If I had to describe this book with one sentence, I would say: This is a horrible tall-tale with a hopeful undertone where the protagonist goes through the worst and always comes out as a winner. It is debatable if Papillon is an autobiography or novelization of real events told mixing fiction and facts and other prisoner’s experiences; either way, it is a gripping story, and Henri Charrière is an excellent storyteller. I was most at home with the prison scenes as they felt more real, but that might be my love for descriptions of how horrendous life can be.
Throughout the book, I kept wondering that this didn’t happen so long time ago. That guillotines and penal colonies were part of the standard judiciary system in the thirties. And the more I thought about it, the less alien the concept felt. I didn’t have to look too far for a similar thinking, maybe not the guillotines, but the idea of secluded islands where you keep those who you don’t want. It has been suggested and used with refugees all over the world. It has been over eighty years since Papillon’s story began from trial at French’s soil and then transported to French Guiana to serve his sentence, and yet the world hasn’t changed. Of course, the prisoner’s rights have improved, (the official doctrine doesn’t allow them to be punished by cutting off their food supply or feeding them only water and bread,) but isolation and shunning out of the society hasn’t gone away.

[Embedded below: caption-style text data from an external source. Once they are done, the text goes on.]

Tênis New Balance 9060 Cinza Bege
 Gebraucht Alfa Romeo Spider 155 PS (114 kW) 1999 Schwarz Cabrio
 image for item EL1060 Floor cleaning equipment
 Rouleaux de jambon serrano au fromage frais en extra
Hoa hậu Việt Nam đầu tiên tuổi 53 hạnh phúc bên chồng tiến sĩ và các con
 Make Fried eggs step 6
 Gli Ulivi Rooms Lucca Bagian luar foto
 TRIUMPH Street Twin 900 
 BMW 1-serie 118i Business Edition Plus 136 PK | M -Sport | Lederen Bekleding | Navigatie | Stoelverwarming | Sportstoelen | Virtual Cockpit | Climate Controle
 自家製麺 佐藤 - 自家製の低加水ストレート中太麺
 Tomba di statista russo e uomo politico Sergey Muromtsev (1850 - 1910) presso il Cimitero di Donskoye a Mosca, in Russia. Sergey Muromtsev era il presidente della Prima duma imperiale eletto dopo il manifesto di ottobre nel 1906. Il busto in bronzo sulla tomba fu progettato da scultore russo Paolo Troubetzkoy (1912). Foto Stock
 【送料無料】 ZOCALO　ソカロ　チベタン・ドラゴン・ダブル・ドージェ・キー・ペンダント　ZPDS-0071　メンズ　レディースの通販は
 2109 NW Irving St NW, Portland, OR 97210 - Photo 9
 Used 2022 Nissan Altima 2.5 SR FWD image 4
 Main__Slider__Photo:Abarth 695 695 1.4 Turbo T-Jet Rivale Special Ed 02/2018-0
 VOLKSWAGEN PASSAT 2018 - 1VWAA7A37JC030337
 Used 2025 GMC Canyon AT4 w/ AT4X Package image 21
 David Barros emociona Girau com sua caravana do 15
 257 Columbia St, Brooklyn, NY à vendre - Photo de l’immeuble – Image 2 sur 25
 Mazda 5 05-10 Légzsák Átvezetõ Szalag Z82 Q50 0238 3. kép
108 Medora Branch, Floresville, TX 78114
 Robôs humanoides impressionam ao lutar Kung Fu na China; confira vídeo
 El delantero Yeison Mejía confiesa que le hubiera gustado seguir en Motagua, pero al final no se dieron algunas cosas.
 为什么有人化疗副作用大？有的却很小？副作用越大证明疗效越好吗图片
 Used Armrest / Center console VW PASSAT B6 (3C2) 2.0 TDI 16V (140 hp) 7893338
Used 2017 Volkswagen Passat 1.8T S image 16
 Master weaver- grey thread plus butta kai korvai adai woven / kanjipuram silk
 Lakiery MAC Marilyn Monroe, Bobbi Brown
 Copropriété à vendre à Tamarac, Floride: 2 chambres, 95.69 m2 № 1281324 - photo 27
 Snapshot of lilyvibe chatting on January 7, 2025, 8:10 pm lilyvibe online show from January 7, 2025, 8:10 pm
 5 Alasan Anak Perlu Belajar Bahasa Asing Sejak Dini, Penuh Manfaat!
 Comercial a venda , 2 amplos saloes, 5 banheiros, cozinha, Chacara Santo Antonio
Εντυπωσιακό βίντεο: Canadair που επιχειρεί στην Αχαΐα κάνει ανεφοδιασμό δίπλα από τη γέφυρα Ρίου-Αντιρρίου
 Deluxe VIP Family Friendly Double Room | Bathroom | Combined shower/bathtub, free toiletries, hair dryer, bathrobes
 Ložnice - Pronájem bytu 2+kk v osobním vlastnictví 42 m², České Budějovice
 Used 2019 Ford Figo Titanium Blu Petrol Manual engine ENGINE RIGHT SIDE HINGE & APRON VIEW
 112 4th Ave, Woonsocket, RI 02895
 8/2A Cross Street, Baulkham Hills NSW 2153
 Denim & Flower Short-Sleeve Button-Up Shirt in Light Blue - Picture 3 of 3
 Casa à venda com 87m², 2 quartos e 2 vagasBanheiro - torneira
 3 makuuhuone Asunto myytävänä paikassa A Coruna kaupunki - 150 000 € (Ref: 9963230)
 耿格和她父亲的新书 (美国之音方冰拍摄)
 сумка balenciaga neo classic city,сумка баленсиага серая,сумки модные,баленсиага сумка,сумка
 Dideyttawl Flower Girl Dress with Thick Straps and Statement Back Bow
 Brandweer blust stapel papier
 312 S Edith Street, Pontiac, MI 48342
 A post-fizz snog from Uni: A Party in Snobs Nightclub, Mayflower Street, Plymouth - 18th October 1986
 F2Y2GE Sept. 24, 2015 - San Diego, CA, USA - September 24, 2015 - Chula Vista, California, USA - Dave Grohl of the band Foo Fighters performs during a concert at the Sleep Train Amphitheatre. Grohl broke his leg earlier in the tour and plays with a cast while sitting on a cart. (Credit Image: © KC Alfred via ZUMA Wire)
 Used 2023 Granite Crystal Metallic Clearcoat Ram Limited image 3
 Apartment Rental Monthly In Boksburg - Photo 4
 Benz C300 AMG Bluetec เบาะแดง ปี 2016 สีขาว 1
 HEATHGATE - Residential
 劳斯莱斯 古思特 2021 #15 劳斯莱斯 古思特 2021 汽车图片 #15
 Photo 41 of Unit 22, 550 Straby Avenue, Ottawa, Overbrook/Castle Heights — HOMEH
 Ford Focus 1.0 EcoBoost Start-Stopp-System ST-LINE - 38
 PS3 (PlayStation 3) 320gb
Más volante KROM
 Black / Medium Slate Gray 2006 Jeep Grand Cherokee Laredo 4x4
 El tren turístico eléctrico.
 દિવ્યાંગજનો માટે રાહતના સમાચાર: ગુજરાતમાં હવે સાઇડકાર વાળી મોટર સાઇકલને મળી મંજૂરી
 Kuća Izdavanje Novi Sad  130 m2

But back to the book, underneath all the seriousness and injustice the inmates and Papillon had to go through, there is this hope. This idea that there is a future to be have and enjoyed. And this is the allure of the book, the hope for freedom and dignity Papillon isn’t willing to let go. Few of us could survive what he went through and come back as a human who thinks there is something to look forward to and keep the initial part of us intact. Not at least being confined into a solitary cell for two years, not after losing friends, health, freedom, everything, being punished for nothing, and tortured out of a whim. Papillon is an excellent book with a compelling story about cruelties we can inflict our fellow humans in the name of justice and about human ability to survive even the worst.
Thank you for reading, and have a shark free day!